Il Presidente del Consiglio Mario Draghi sarà quest’oggi, 21 giugno, in Senato per discutere di una mozione da condividere con il Parlamento sull’Ucraina.
Si punta ad un documento compartecipato con la maggioranza di governo al fine di rafforzare la posizione e la linea del premier in vista del vertice europeo del 23 e 24 giugno.
Draghi e il puzzle parlamentare sull’Ucraina
Sembra sempre più complessa l’opera di mediazione, ma soprattutto di tenuta di una direzione coerente e ferma, del primo ministro italiano Draghi sulla posizione della Penisola riguardo il conflitto in Ucraina.
Il prolungarsi della guerra, la sua sorte sempre più incerta, la costante pressione di Zelensky agli alleati occidentali sui rifornimenti di armi fanno vacillare il precario equilibrismo dell’esecutivo.
L’avvicinarsi delle elezioni politiche generali (marzo 2023), spinge alcuni partiti a una dialettica tesa a mostrare al corpo elettorale le singolarità di ogni forza politica, a tentare di ritagliarsi uno spazio di azione da poter imputare come proprio e che lo stesso gruppo si impegnerebbe a difendere e rappresentare nella prossima legislatura.
In particolare l’attivismo in tal senso emerge dalle dichiarazioni e distinguo di Lega e Movimento 5 Stelle, che si dedicano alacremente a propagandare scetticismo sulle forniture belliche in un’ottica negoziale volta a trovare un accordo di pace tra i due paesi belligeranti.
Le tessere che non si incastrano: Conte e Di Maio
Le scosse più acute in questi giorni provengono dal movimento fondato da Beppe Grillo.

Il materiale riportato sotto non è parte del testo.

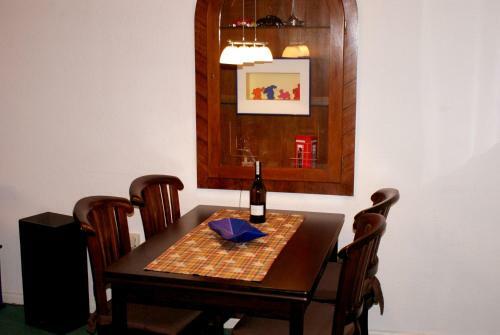 Apartamento St-georgen Monteurwohnung-dienstwohnung - Abc62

Dallo scorso weekend si sta consumando una diatriba interna al Movimento 5 Stelle tra quelle che probabilmente sono le figure più note e di peso all’interno del partito: il capo politico Giuseppe Conte ed il ministro degli Esteri Luigi di Maio.
Il primo, nel tentativo di trovare un argomento da elevare a battaglia pentastellata, sta rispolverando le allusioni populiste che fecero la fortuna della forza politica nelle elezioni del 2018, in special modo l’ex “avvocato del popolo” professa da varie settimane un coinvolgimento maggiore del Parlamento sulle risoluzioni legate alla situazione ucraina ed internazionale.
Il secondo, che ha abbandonato molte velleità populiste e si presenta in una veste moderata opposta a quanto manifestato quando era leader del Movimento, spinge per una totale adesione alla linea voluta da Mario Draghi e quindi alla direttrice euro-atlantica (che lo stesso premier incarna a livello nazionale).
Se tali frizioni accompagnano i 5 Stelle fin dallo scoppio degli scontri, ciò che ora fa temere il governo è l’aperta conflittualità grillina sul ruolo delle due Camere nel definire la linea del Bel Paese.
Un documento trapelato dagli uffici M5S chiedeva come necessario un passaggio parlamentare di Draghi ogni qual volta una delibera su armi e guerra fosse messa in campo (e non riferita ogni tre mesi come attualmente è in uso fare). Questa notizia ha provocato l’immediata reazione di Di Maio, che ha definito il documento pericoloso per la tenuta del governo nonché per l’immagine internazionale dell’Italia, invitando il suo stesso partito ad una profonda riflessione interna sul suo collocamento.
I mugugni dello stesso esecutivo hanno fatto affondare la proposta, ma non l’astio interno ai pentastellati verso quella bandiera del Movimento delle origini che ora sembra più un pennone crollato a far da ostacolo alla forza contiana.
Si paventa addirittura una espulsione del ministro o una scissione del partito; in ogni caso tra accuse incrociate e spasmodica ricerca di visibilità, la strada di Mario Draghi verso Bruxelles è tutt’altro che pianeggiante.